Your objective
The reply must contain exactly the lines below from the one with "Njurar blanksvarta BMW" down to the one with "Traxxas TRA7830X SUSPENSION", both included, and nothing more; please omit the pictures.

Exercise data
·····

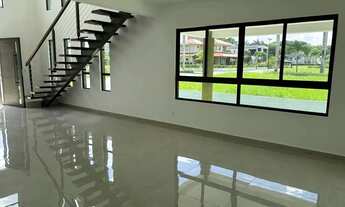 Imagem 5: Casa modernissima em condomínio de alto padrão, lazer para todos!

·····

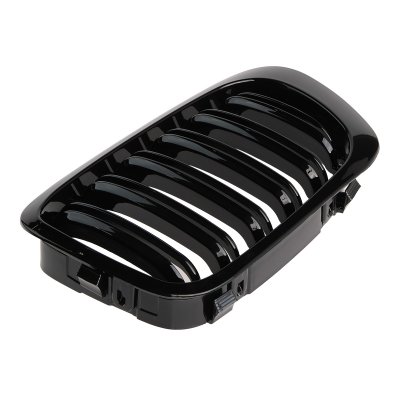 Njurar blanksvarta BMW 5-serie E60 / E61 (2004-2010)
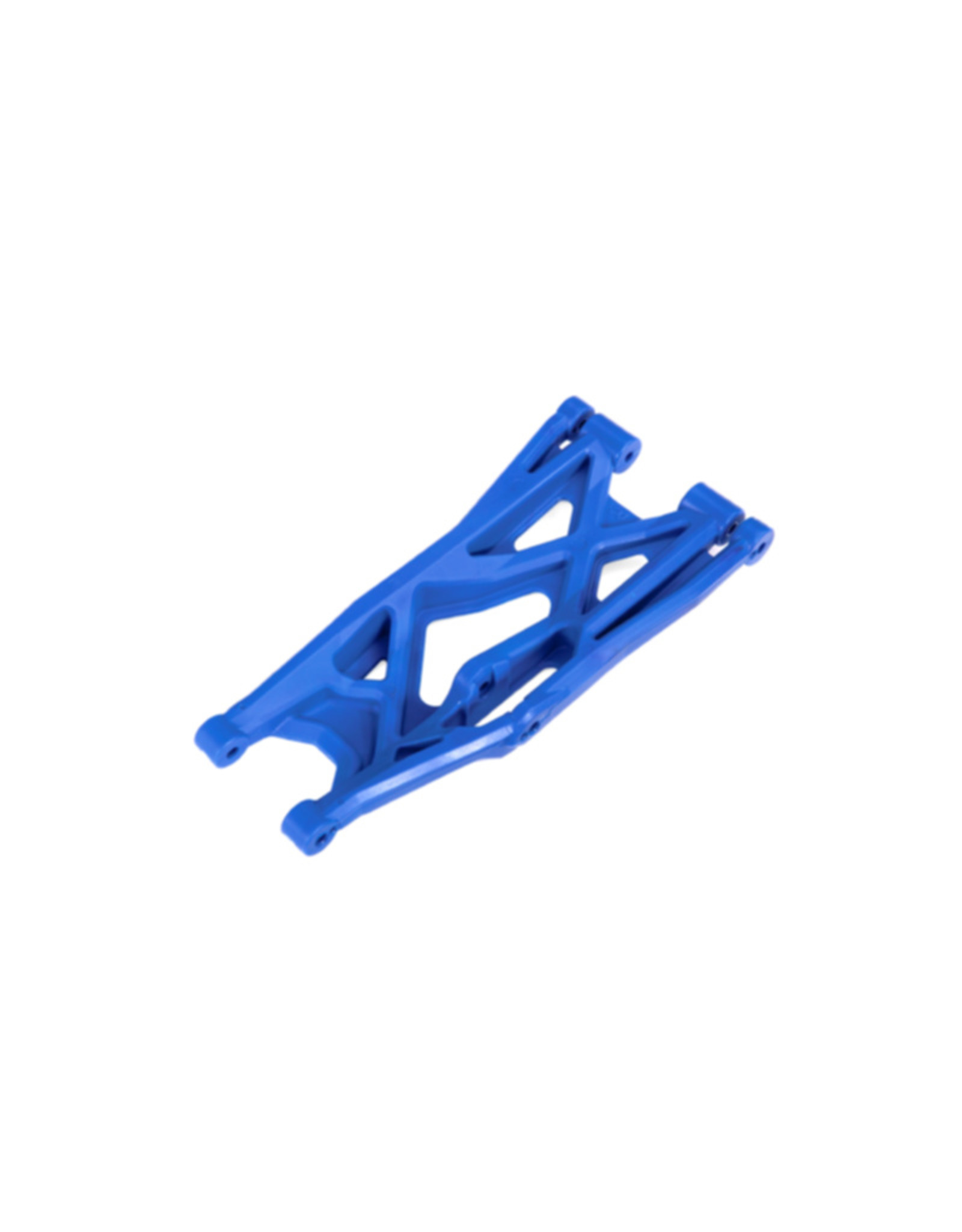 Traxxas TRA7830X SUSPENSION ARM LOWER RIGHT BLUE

·····

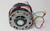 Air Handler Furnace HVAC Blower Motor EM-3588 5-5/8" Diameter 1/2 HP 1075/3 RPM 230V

·····

Task output
 Njurar blanksvarta BMW 5-serie E60 / E61 (2004-2010)
 Traxxas TRA7830X SUSPENSION ARM LOWER RIGHT BLUE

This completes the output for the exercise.